Last Month’s Read
April 2026
Last Month I read Lies and Sorcery by Elsa Morante. As predicted, it took me the whole month to get through it, but not solely because it scratches 800 pages. In fact, fairly early in the month I’d made it to the halfway point. Sally, I was unable to continue apace. The back half was…a slog.
Lies and Sorcery was published in 1948 to much praise. Natalia Ginzburg later recalled reading an early manuscript and being “filled with vitality and joy.” This, reader, can be described as nothing but a totally insane reaction to the text. Morante’s husband, Alberto Moravia, called the novel genius. Slightly less insane. Italo Calvino called it a “serious novel” that “successfully penetrates to the bone,” which I would say is more in line with my experience of it.
The novel is set around the turn of the 20th century in southern Italy, and tells the story of one family over three generations, as narrated by Elisa, the youngest member of the clan and sole survivor. We learn in the introduction that Elisa’s parents—Anna and Francesco—have been dead for several years. Upon their death, she was adopted by a fallen woman, Rosaria, who she has lived with in relative isolation for the past several years. At the opening of the book, Rosaria has died, leaving Elisa completely alone in the world.
Alone, that is, save for the ghosts of her ancestors. During the years she lived with Rosaria, Elisa often shut herself up in her room fantasizing about her ancestors and their grand romantic lives. In her mind they were princes, saints, dukes and queens. She spun stories to entertain herself in her solitude—spurning Rosaria’s unsavory lifestyle—and she began to believe her own stories. When she finds herself truly alone, these fantastical ghosts abandon her too and are replaced with memory.
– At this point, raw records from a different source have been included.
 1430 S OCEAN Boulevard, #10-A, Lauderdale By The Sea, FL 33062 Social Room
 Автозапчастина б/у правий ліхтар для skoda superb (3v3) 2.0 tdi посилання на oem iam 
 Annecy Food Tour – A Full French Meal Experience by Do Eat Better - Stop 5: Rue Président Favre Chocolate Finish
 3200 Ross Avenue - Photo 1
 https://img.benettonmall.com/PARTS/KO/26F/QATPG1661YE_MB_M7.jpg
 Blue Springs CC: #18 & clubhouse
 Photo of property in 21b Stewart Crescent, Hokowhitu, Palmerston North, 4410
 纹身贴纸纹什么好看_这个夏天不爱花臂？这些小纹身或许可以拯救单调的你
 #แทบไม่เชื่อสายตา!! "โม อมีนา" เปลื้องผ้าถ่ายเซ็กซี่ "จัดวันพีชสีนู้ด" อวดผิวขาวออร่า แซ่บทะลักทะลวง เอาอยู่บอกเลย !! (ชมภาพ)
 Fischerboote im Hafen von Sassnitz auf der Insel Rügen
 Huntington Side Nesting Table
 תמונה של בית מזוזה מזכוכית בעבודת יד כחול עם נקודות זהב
Elisa finds that she can suddenly remember, with great precision, her entire past, and not just that—she can remember the pasts of her dead ancestors as well, the true version of events. She says, “Things I never knew about I now understood and I could retrace their lives from the beginning, as if their experiences were mine.” These memories come to her in light early morning dreams, whispered in the voices of her ancestors. She rises and each morning “like a faithful secretary” writes it all down. And this is how the story begins.
We meet Cesira, Elisa’s maternal grandmother, who grew up in a middle class family but had too high a sense of herself and too great of ambitions to continue in that station. She catches herself a nobleman, Teodoro, though much to her chagrin his family disowns and disinherits him in response to their marriage. Teodoro, Cesira and soon enough their daughter, Anna, are plunged into debt. In Anna’s early life, Cesira’s overwhelming disappointment and resultant hardness contrast with Teodoro’s good nature and charm. Though the family lives in near poverty, Teodoro regales Anna with embellished stories of his noble upbringing (not unlike the stories Elisa spins for herself two generations later) and instills in her that unwarranted and poisonous sense of her own superiority. Like her mother and father, Anna will contend with the feeling that she deserves better—that she is better—than what she has for the rest of her life.
This is in some ways the center of the novel: the terrible restriction of the traditional (archaic?) social and class structures that were still so prominent in Italy during this time. Morante puts the effects of such repression on full display in her characters, each one more miserable and unlikeable than the last. The poor are bitter, the rich careless. No one wins, but no alternative is presented. Even poor little Elisa, who comes into the world when Anna, after a life altering brush with her noble cousin Edoardo, is driven to marry Francesco by bitter necessity, is hardly a compelling character. I pitied her, but that was about the extent of it.
As I soldiered through, I found myself wondering what the point was. There were moments where I expected Morante to stake a claim or take a perspective. For a section of the novel, young Francesco is captivated by Marx and dreams of creating a more equal world, but his drive doubles back on itself and goes nowhere. Beyond painting a striking portrait of one troubled family against very particular social and economic backdrop, Morante doesn’t offer a path out of the trouble, until you realize that she actually already did, on page 24 at that. At the end of Elisa’s introduction she confides in her reader: “Perhaps by reconstructing my family’s story, I will finally be able to solve the mystery of my childhood as well as discover the truth behind all the other family myths…This is why I obey their voices and write. Who knows, perhaps with their help I may at last be able to leave this room.”
It’s worth noting that Elena Ferrante (whoever she is) cites Morante as one of her major influences. For Ferrante lovers, Lies and Sorcery may be a compelling text if only to place Ferrante’s work within the larger context of the Italian novel. It’s been a while, but I remember loving the Neapolitan Quartet. Ferrante is certainly unflinching when it comes to the flaws of her characters, but I remember rooting for them nonetheless, liking them flaws and all. Consider this your warning: not so with Lies and Sorcery.